Open source LLMs
I am currently working on an AI project and have been paying very close attention to the developments in open source LLMs since March of this year when Meta’s LLM “Llama” was leaked. I was able to get the small 7B model to run locally on my PC on an RTX 3080 10GB video card. While the 7B model leaves a lot to be desired I had something that felt like ChatGPT running locally. Incredible.
Meta has since formally released a second version of the Llama model along with a code generating model and a lot more ceremony and documentation. It’s a smart strategy. Meta is looking to influence the majority of the LLM market through a bold open source strategy. Everyone is using Llama as a foundation to build and train their models. Meta stands to benefit not only from the outsourced development but also from its position as a resourceful leader in the space.
Things have cooled off a bit since the summer but it is still extremely hard to find instances that can run the largest Llama 2 70B model. I was able to get access to an instance large enough on AWS SageMaker this week luckily to do some evaluations. Across the cloud services it can cost between $5k-$15k per month for an instance large enough to run the Llama 2 70B model. Microsoft Azure currently has the most competitive value in terms of pricing along with Google. Locking in reserved instances for 1 year can bring down the cost to $4k/month.

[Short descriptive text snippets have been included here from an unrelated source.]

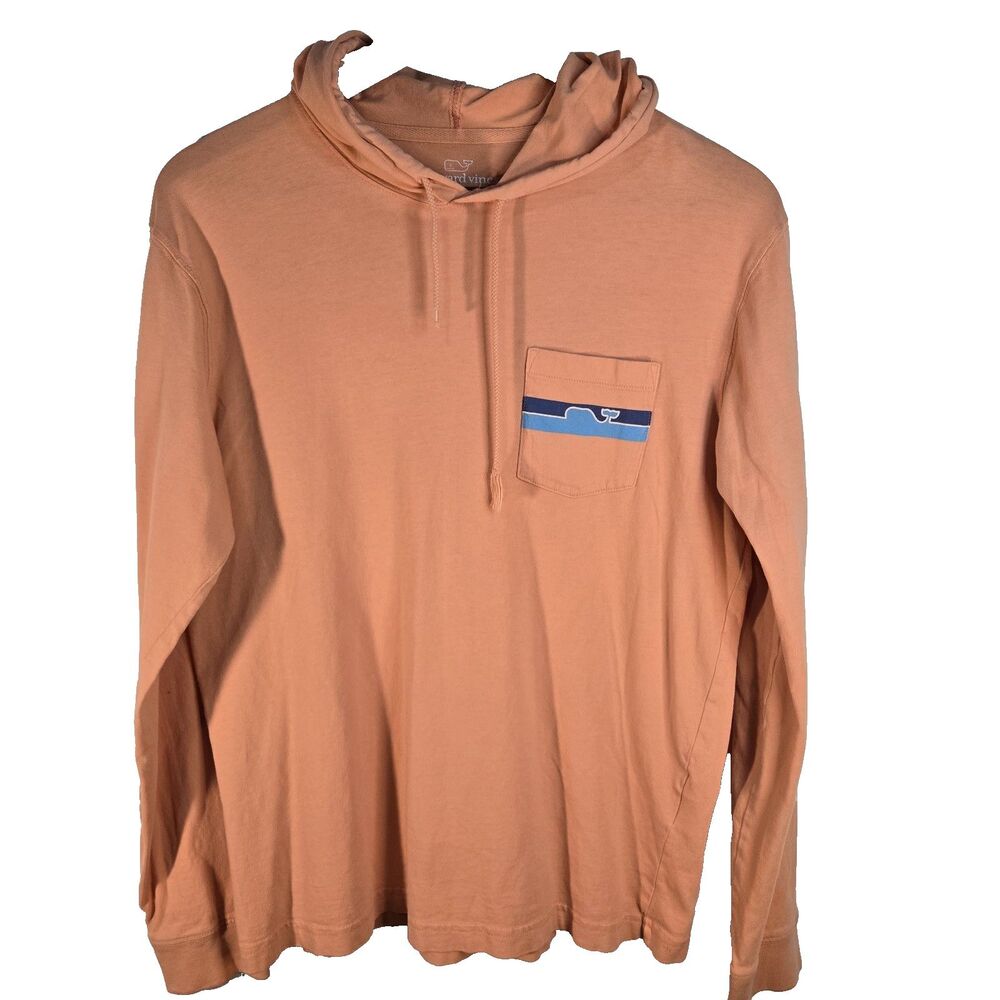 Vineyard Vines Coral Oversized Hooded Long Sleev T Shirt Womens XS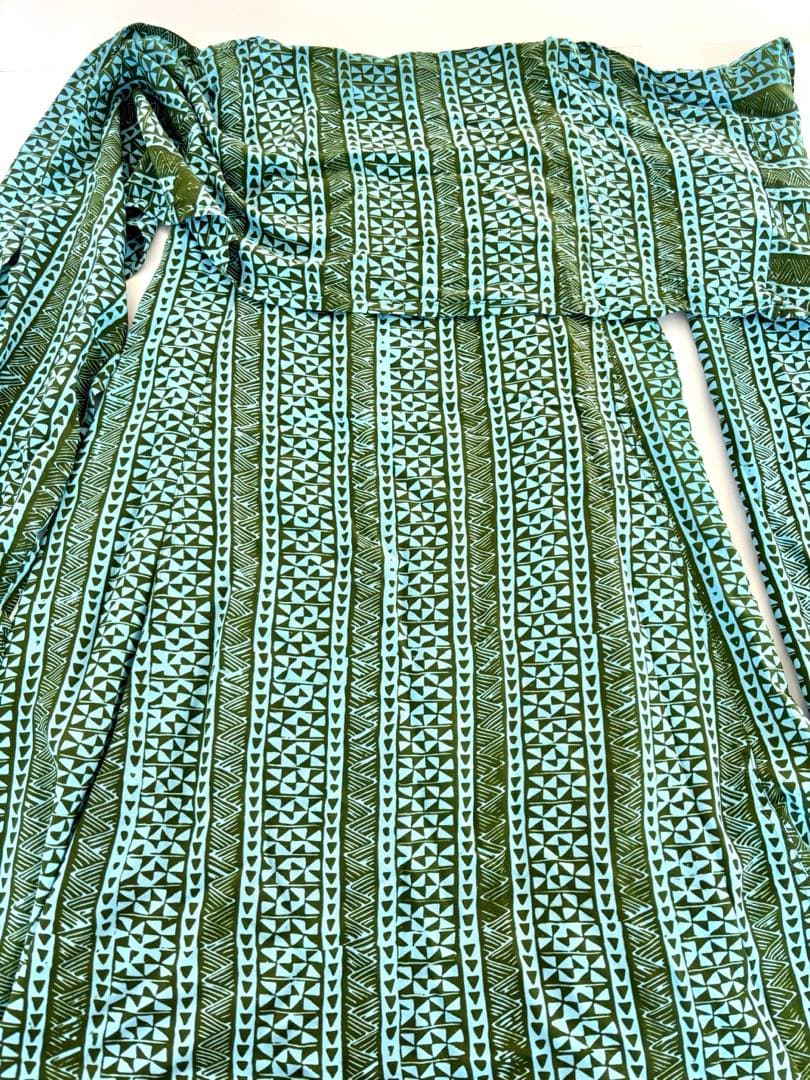 【NOANOAハワイ】サッシュドレス Sサイズ 水色/グリーン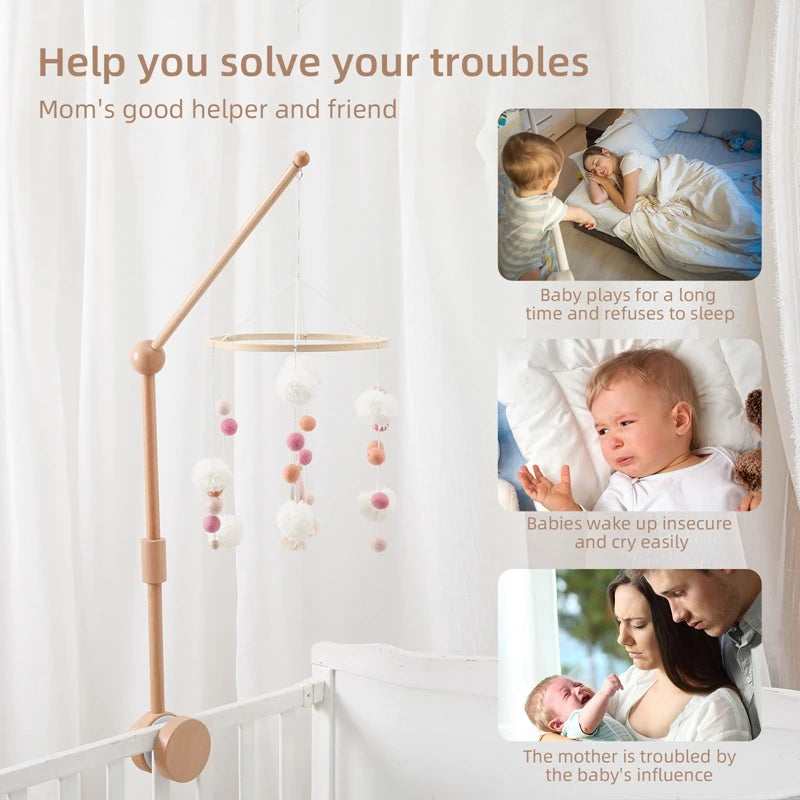 Wooden Baby Mobile Crib Arm Holder Newborn Sensory Toys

AWS and Google tend to have service quota limits set at zero for all GPU related services. If you just setup a new cloud account for a startup you will not have access to any GPU resources and will need to explicitly ask for service quota increases. This can be really frustrating and there is a chance your increase request will not be honored.
I’ll have a lot more to say about these open source LLMs in the near future as I attempt to use them in production.